VATICAN CITY, APRIL 25, 2010 ( Benedict XVI is underlining the Church's right to speak out and express its message publicly, even while respecting those who have different opinions.

The Pope stated this Saturday in an audience with the new Belgian ambassador to the Holy See, Charles Ghislain.

The Pontiff underlined the "fragility of human existence" and the necessity of protecting it through "authentic social cohesion that does not weaken the legitimate diversity of opinions."

"For quite some time the Church has inscribed itself fully in the history and the social fabric of your nation," he said, and "it desires to continue to be a factor in the harmonious coexistence among all."

The Church is happy to "place itself at the service of all the components of Belgian society" through "its numerous educational institutions, its work of a social character and the voluntary efforts of so many faithful," the Holy Father affirmed.

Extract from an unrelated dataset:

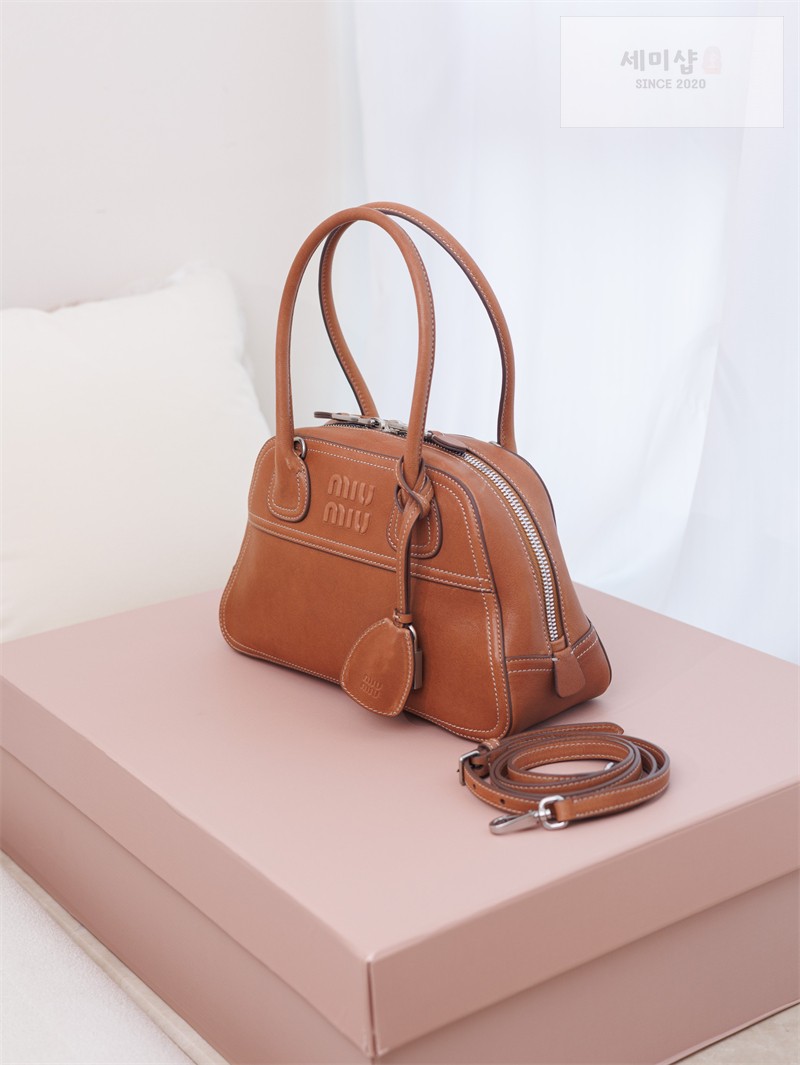 Miu Miu 미우미우 비반트 나파 레더 스몰 백 5BB200 꼬냑 Bag 5번 이미지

Nevertheless, he continued, the Church finds it necessary "to stress that it has, as an institution, the right to express itself publicly."

"It shares this right with all individuals and institutions, with the scope of speaking its mind on questions of common interest," Benedict XVI said.

He added, "The Church respects the right of everyone to think differently from it; it would like that its right to expression also be respected."

"The Church is a depository of a teaching, of a religious message that it received from Jesus Christ," Benedict XVI stated, which "can be summarized with the following words from Sacred Scripture: 'God is love' (1 John 4:16)."

This teaching "throws its light upon the meaning of the personal, familial and social life of man," he noted.

"The Church, having the common good as its objective, asks nothing other than the freedom to be able to propose this message, without imposing it on anyone, in respect for freedom of conscience," the Pope stated.

Apostle to the Lepers

He recalled that "it was in nourishing himself with this ecclesial teaching in a radical way that Joseph de Veuster became he who is now called 'St. Damien.'"

Speaking about the "Apostle to the Lepers," the Pontiff stated that "the exceptional destiny of this man shows to what point the Gospel awakens an ethics that is a friend to the person, above all if he is in need or marginalized."

He continued: "The canonization of this priest and the universal fame that he enjoys is a legitimate reason for pride among the Belgian people.

"This attractive personage is not the fruit of a solitary journey. It is well to recall the religious roots that nourished his education and formation as well as the teachers who awakened that admirable generosity in him."

"It led him to share the marginalized life of the lepers," the Holy Father affirmed, "to the point of exposing himself to the illness from which they suffer."

Benedict XVI affirmed, "In the light of similar witnesses everyone can understand that the Gospel is a force that there is no reason to fear."

He stated, "I am convinced that despite the sociological developments, the Christian 'humus' is still rich in your land."

"It can generously nourish the commitment of a growing number of volunteers," the Pope proposed, "who, inspired by evangelical principles of fraternity and solidarity, accompany persons who experience difficulties and who, for this reason, need to be helped."